Psychologist John Ehrenreich and Nickel and Dimed author Barbara Ehrenreich, who coined the term, estimate the professional-managerial class to be about one third of the country. It is unusual among classes, observes Amber A'Lee Frost at American Affairs, in that members must "earn [their] status through educational credentialing, qualifying employment, and professional achievement."

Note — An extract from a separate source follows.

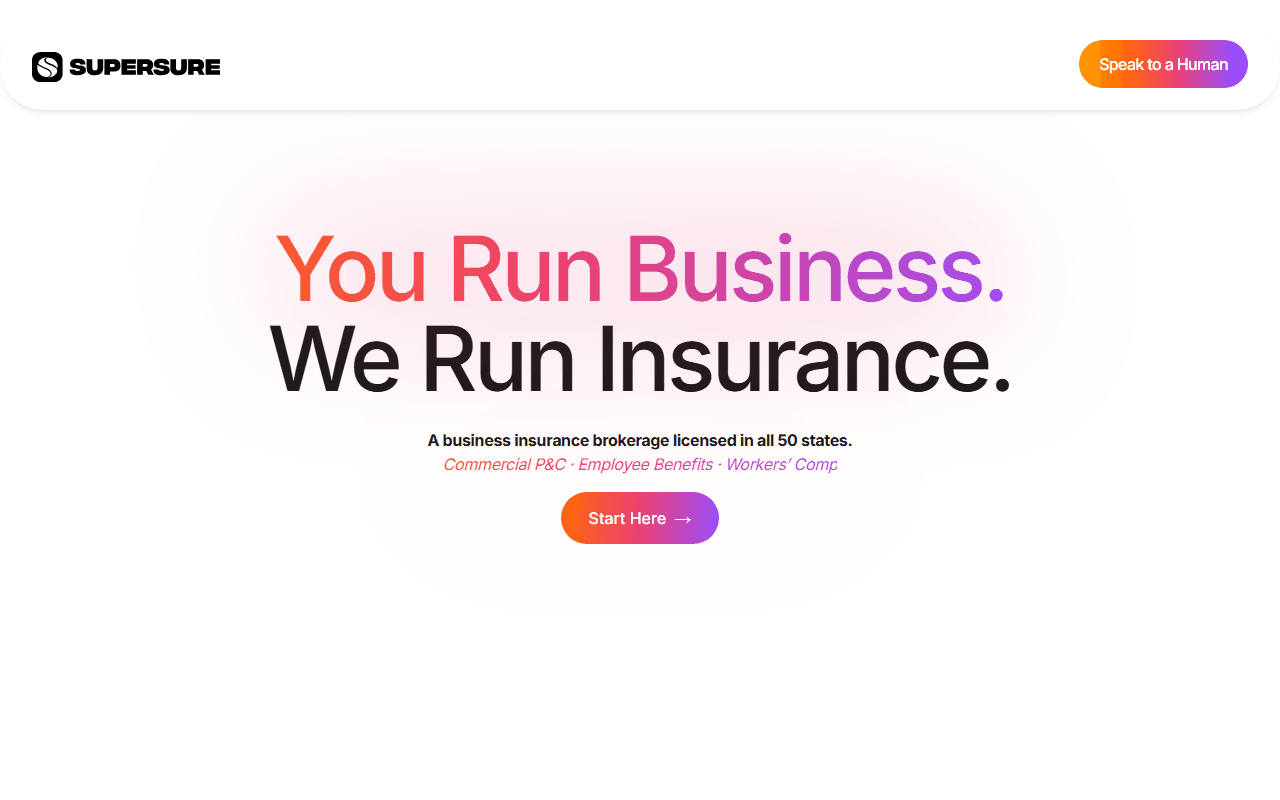 SuperSure Insurance sponsor landing page advertised on The Megyn Kelly Show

And if class membership is earned, it can be taken away. That is why, as Douthat writes in his seventh thesis, the threat of cancel culture "is most effective against people who are still rising in their fields." It is also why, as he says in the sixth thesis, with a certain degree of wealth, professional establishment, and/or fame, "the bar for actual cancellation is quite high." Author J.K. Rowling is presently the subject of intense and sustained criticism because of her views on transgenderism. But Rowling will not be canceled for what she's said so far. She'll have no trouble getting her next book contract. She has, crudely put, "'f--k you' money" and fans to spare. For people in her elite sphere, such resilience isn't infinite. Cancellation is possible, but it requires a graver offense, perhaps even criminal allegations.
The threat of cancellation recedes at the other end of the wealth spectrum, too, among the working and lower classes. Again, cancellation is not impossible here, but you are comparatively unlikely to lose a working-class or minimum wage job via cancellation. I don't expect many McDonald's managers do social media deep dives on applicants to run the grill. Does anyone really care about their plumber's politics?
But those in the professional-managerial class can expect their name to be googled in every job application. As Douthat muses, "under the rule of the internet there's no leaving the village: Everywhere is the same place, and so is every time." Once PMC members have been canceled, it sticks. Will the woman in the Washington Post Halloween party story, a graphic designer, ever work in her chosen field again? After the video of Amy Cooper, dubbed the "Central Park Karen," went viral, Forbes published an analysis of "three things [she] did to damage her reputation and career." Will she ever find another investment job? Or what about this museum curator who resigned after being accused of "toxic white supremacist beliefs" for saying his museum would not categorically exclude white artists? Will another museum take a chance on him? These are truly open questions. Who would risk hiring these people if they can instead select an equally qualified candidate without national or industry infamy?
Justine Sacco, whose "AIDs" tweet occasioned a prototypical cancellation, was eventually hired back at the firm that fired her — but she also spent multiple years on reputation rehabilitation, including sympathetic features in a book and a TED Talk on public shaming.
Others, who are not PR executives like Sacco, may not be able to do the same. Their careers won't make a comeback. Unless they have family to support them or enough wealth to coast to the grave, they'll be pushed out of the professional class and into the type of work where the manager doesn't google you. "I don't want people like that to keep getting jobs" that let them achieve PMC membership, a teenager told the Times in defense of call-out accounts which seek to end allegedly racist peers' careers before they begin.
This is why cancel culture is so effective. This is why it frightens people in what is self-evidently not a "classless society." The threat of cancellation isn't merely intense public shame, though that too is significant. The threat is class expulsion couched within and magnified by our national mythos of self-advancement — that is, the American dream. It is a threat of being stripped, for the choice of a day or moment, of the class status you've ordered so much of your life to attain.
Cancellation is a white-collar phenomenon, and its threat is tearing away your white collar for good.